— Task to complete —
Take the records below and set down exactly the lines from the one with "Kit 4 Chocalhos" to the one with "Product shot of", ends included; do not copy the pictures.

— Task input —
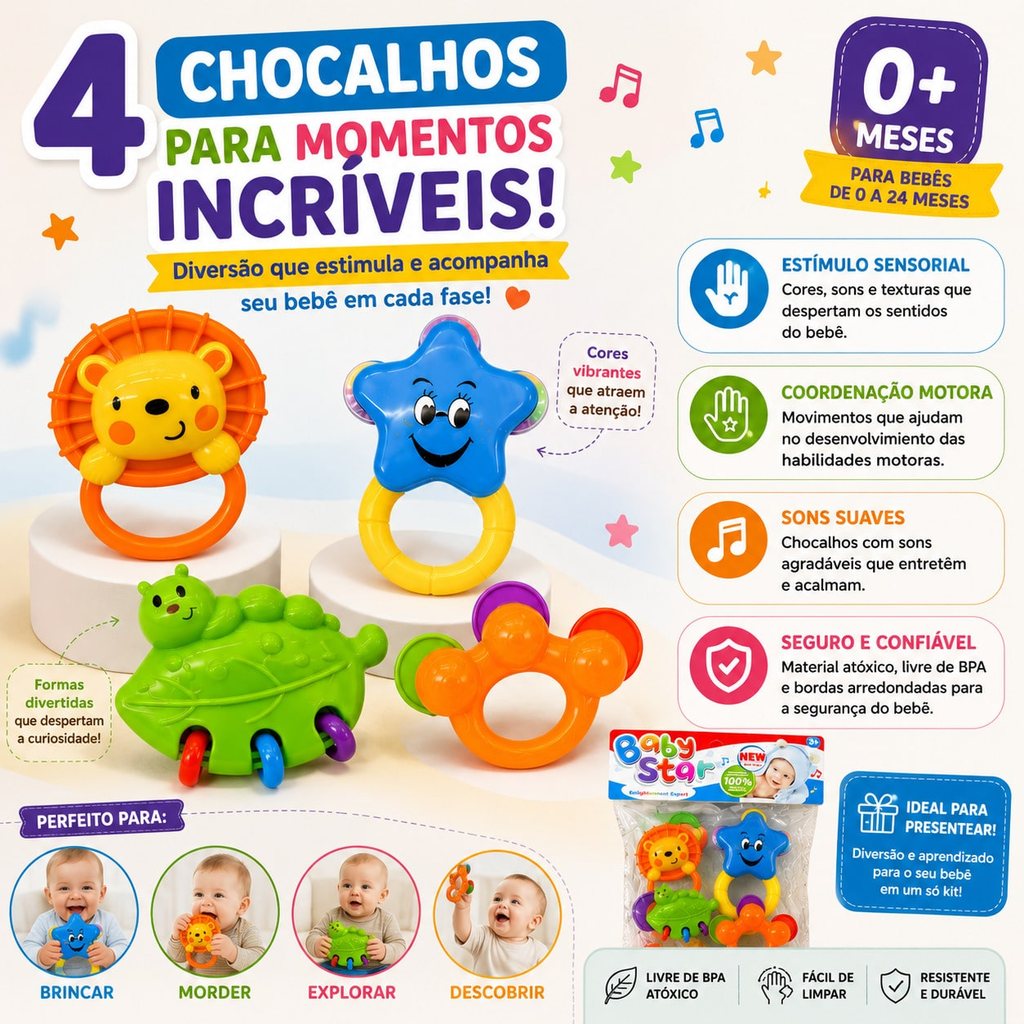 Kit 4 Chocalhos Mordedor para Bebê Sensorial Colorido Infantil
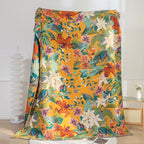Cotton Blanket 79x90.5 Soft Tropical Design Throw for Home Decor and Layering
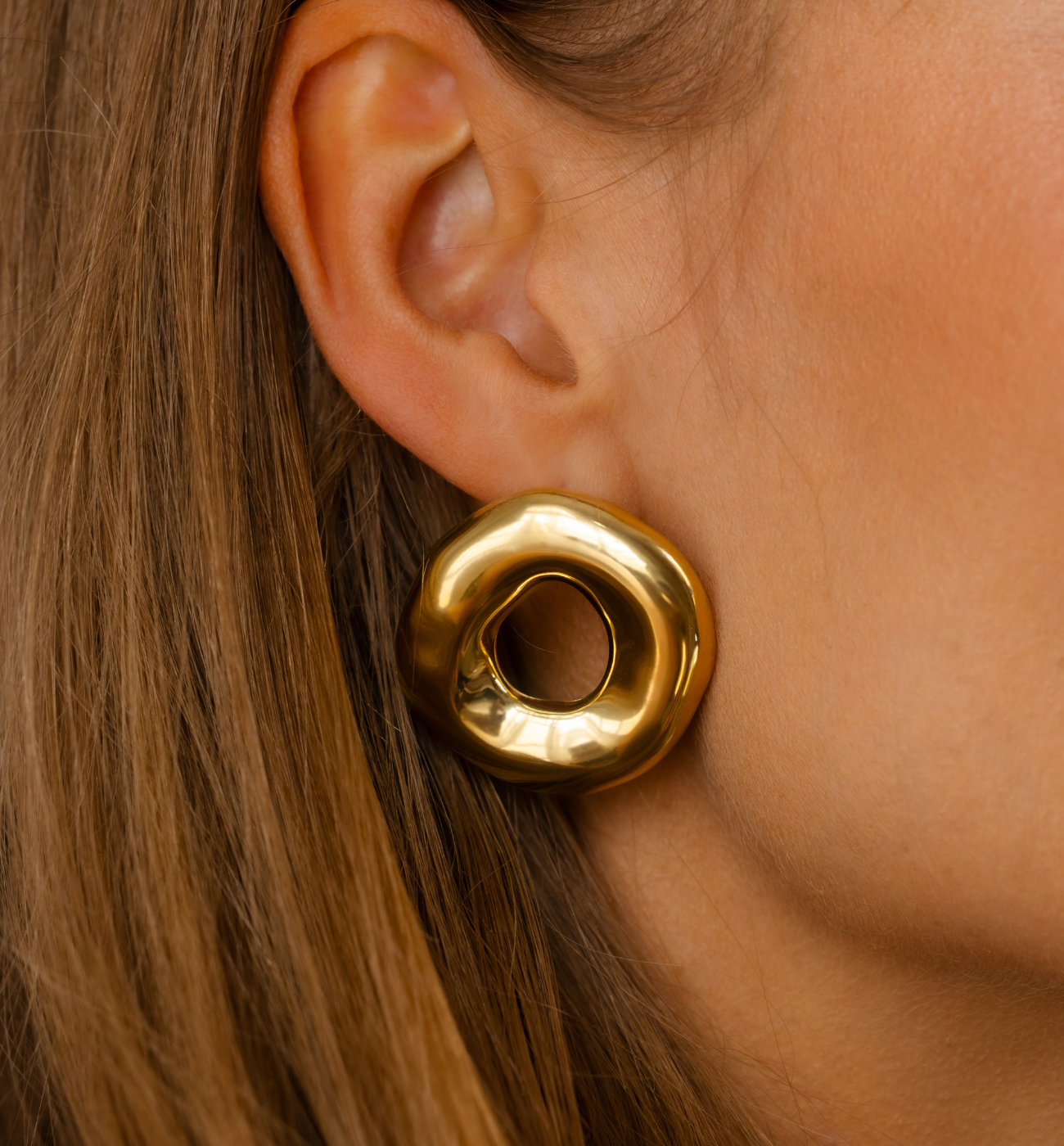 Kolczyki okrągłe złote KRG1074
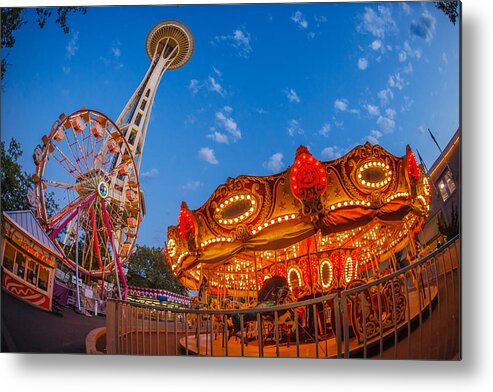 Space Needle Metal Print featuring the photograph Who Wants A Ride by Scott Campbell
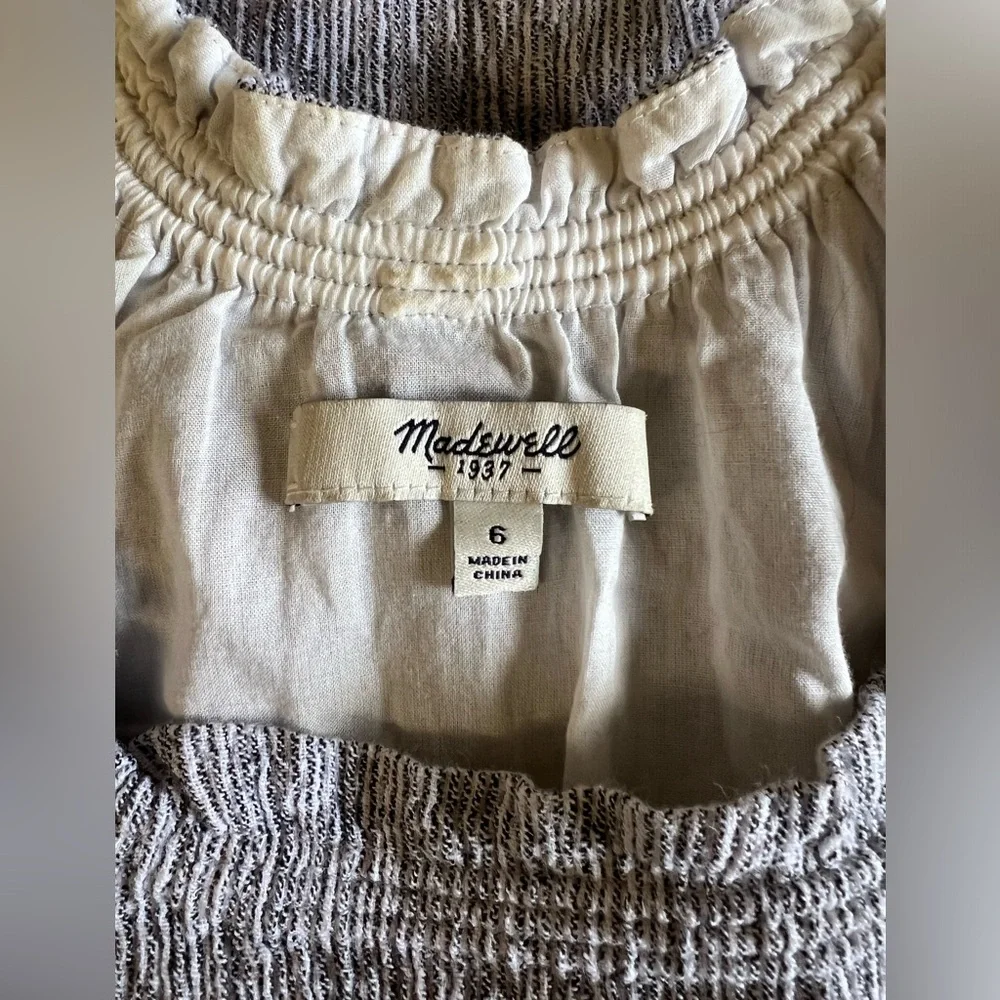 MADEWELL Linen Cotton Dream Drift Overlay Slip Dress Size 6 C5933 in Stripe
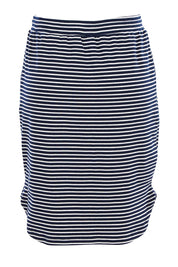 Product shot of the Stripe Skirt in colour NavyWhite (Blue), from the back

---

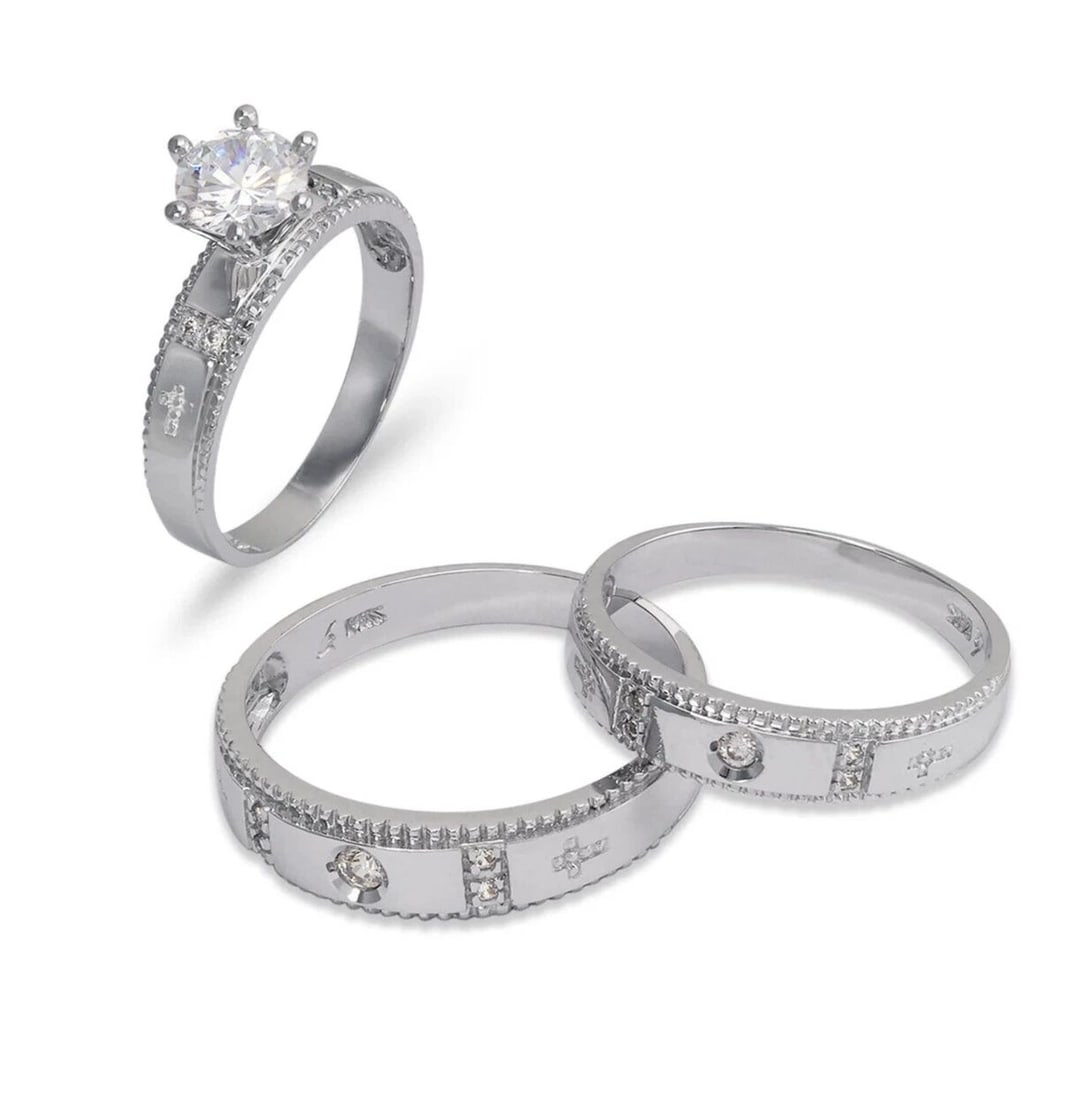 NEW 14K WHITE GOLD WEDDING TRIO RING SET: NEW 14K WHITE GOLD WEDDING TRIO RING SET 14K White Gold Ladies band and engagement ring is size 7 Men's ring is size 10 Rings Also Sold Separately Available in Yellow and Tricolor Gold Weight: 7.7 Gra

...

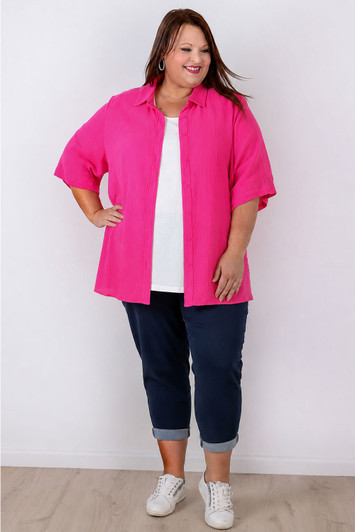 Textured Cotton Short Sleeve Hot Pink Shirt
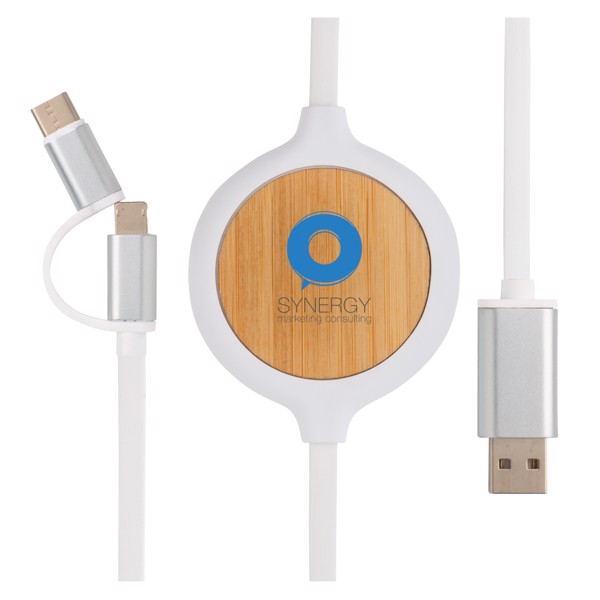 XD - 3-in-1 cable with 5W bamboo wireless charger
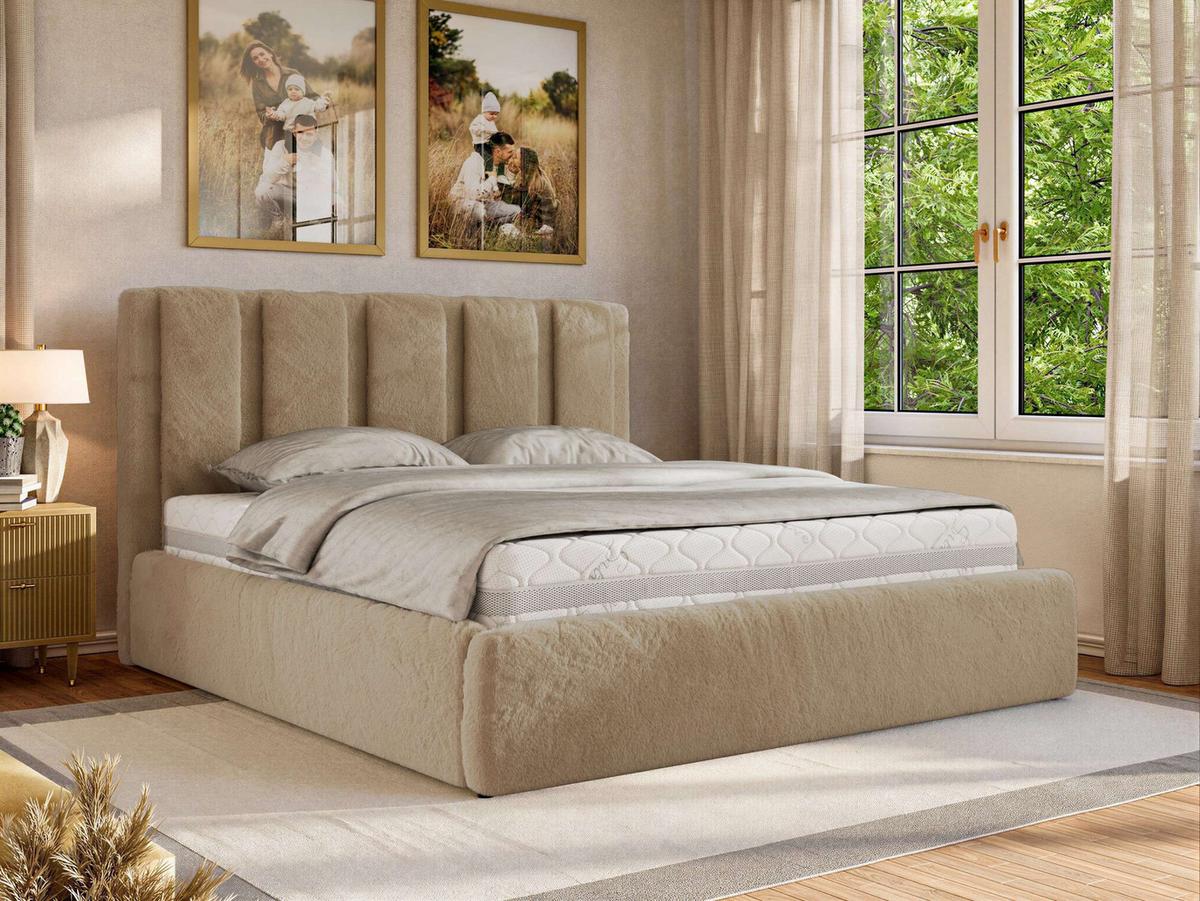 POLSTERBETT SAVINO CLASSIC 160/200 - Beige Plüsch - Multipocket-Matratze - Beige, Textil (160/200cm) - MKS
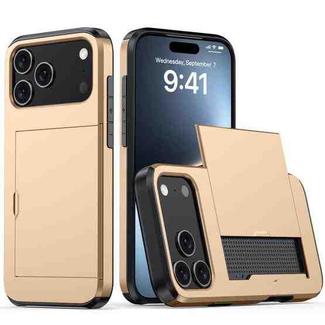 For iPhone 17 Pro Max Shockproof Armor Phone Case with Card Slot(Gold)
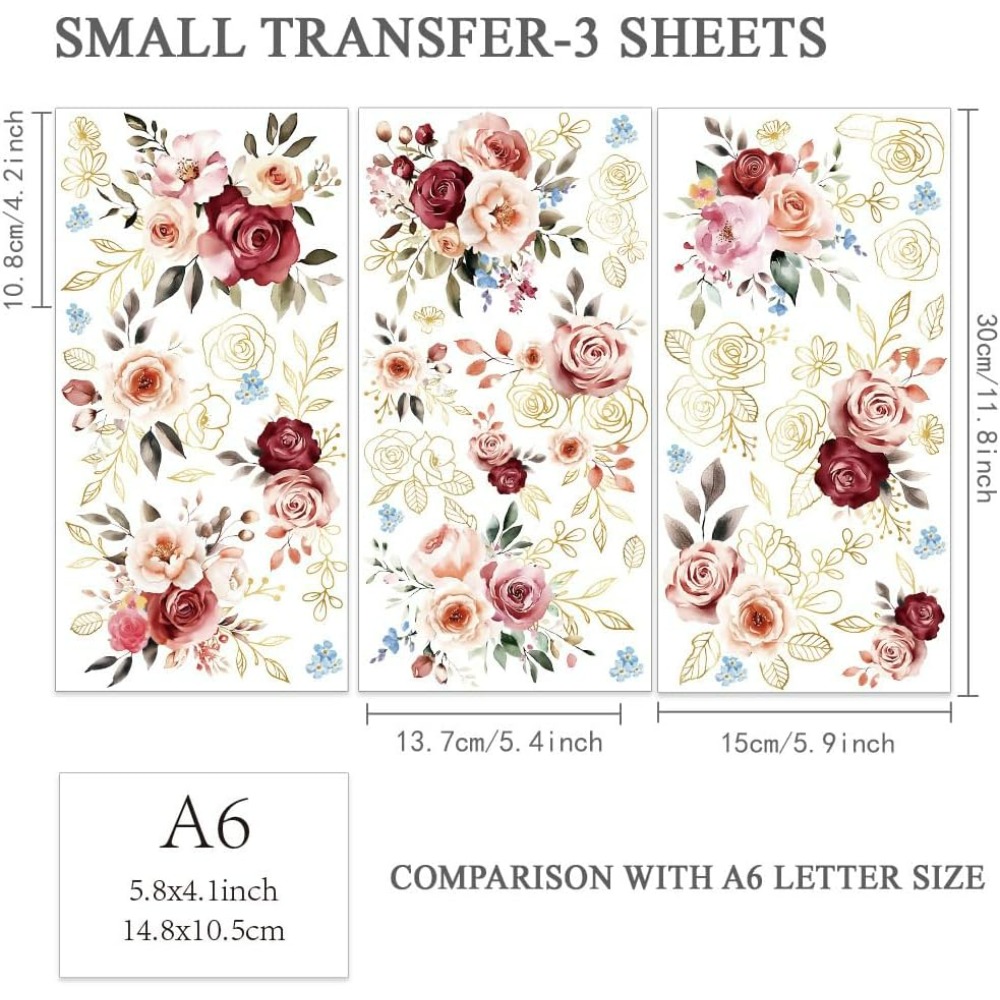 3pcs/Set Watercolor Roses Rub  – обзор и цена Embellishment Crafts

— Output of the task —
 Kit 4 Chocalhos Mordedor para Bebê Sensorial Colorido Infantil
Cotton Blanket 79x90.5 Soft Tropical Design Throw for Home Decor and Layering
 Kolczyki okrągłe złote KRG1074
 Space Needle Metal Print featuring the photograph Who Wants A Ride by Scott Campbell
 MADEWELL Linen Cotton Dream Drift Overlay Slip Dress Size 6 C5933 in Stripe
 Product shot of the Stripe Skirt in colour NavyWhite (Blue), from the back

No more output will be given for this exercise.